Samengevat kan de kan de programma-inrichting zoals hierboven beschreven als volgt schematisch worden weergegeven:
Pagina 45
Programma organisatie Het programma steunt voor zijn succes in hoge mate op het succes van het werk in de koppelzones. De programma organisatie zelf neemt verantwoordelijkheid voor de in hoofdstuk 4 beschreven activiteiten om dit werk te ondersteunen. Daarnaast is het van groot belang dat andere stakeholders hun verantwoordelijkheid nemen. In grote lijnen kan de volgende taakverdeling worden geschetst:
De rijksoverheid is verantwoordelijk voor de volgende taken: o Verantwoordelijkheid nemen voor de uitvoering van het programma Ketenherinrichting. o Zorg dragen voor betrokkenheid andere overheden. o Ketens aandragen die voor herinrichting in aanmerking komen. o Wet- en regelgeving en interne uitvoeringsregels aanpassen in overeenstemming met de resultaten, zoals die worden bereikt bij de ketenherinrichting. o Generieke E-overheidsvoorzieningen beschikbaar stellen en onderhouden waarmee de uitvoeringspraktijk kan worden gefaciliteerd. o Feitelijke benutting van generieke E-overheidsvoorzieningen binnen de overheid afdwingen.

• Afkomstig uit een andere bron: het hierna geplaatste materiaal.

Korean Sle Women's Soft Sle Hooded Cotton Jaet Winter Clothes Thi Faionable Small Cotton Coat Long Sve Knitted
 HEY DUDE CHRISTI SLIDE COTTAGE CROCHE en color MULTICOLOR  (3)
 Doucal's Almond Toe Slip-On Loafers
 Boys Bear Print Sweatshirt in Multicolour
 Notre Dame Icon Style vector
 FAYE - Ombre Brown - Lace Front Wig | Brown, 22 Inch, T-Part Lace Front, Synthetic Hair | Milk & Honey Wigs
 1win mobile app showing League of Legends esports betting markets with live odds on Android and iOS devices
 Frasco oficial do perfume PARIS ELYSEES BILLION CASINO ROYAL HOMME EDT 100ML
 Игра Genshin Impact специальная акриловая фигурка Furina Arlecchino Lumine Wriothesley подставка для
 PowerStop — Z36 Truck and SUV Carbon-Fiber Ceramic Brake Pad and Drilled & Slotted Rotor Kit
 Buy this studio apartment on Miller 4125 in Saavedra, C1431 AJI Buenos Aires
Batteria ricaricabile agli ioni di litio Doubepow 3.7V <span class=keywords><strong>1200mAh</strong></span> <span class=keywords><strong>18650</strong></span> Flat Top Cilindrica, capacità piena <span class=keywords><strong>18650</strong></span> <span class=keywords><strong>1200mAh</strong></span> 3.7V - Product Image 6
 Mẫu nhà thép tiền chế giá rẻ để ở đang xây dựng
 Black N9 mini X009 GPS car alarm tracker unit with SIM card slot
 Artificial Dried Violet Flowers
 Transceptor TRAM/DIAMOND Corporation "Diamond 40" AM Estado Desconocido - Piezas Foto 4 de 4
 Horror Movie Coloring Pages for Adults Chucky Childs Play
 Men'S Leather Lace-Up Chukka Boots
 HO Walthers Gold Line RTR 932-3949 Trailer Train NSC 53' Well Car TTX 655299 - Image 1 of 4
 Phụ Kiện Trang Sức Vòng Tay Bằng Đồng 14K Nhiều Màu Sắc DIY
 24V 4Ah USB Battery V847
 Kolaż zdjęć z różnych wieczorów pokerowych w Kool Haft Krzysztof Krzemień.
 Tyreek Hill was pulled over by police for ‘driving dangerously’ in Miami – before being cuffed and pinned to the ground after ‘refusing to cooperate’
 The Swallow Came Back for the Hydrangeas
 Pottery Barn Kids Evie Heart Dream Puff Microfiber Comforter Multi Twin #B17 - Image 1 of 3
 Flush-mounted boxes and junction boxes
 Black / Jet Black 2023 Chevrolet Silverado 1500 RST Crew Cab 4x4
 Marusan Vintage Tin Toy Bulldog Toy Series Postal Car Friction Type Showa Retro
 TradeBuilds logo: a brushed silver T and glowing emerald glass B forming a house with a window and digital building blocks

De andere overheden belasten zich met de volgende taken: o Dragen ervaringsdeskundigheid bij inzake specifieke ketens. o Ketens aandragen die voor herinrichting in aanmerking komen. o Zoeken naar vergroting van efficiëntie in taakuitvoering. o Dragen bij aan oplossingen in concrete koppelzone’s. o Feitelijke benutting van generieke E-overheidsvoorzieningen realiseren.
Bedrijven nemen op zich om de volgende taken uit te voeren: o Dragen ervaringsdeskundigheid bij in het omgaan met regels. o Aandragen van ketens die voor herinrichting in aanmerking komen. o Suggereren vernieuwde vormen van omgang vanuit mogelijkheden voor verbetering van eigen bottom-line. o Dragen bij aan oplossingen in koppelzone’s. o Feitelijke benutting van E-overheids- en andere relevante ICT-voorzieningen te realiseren.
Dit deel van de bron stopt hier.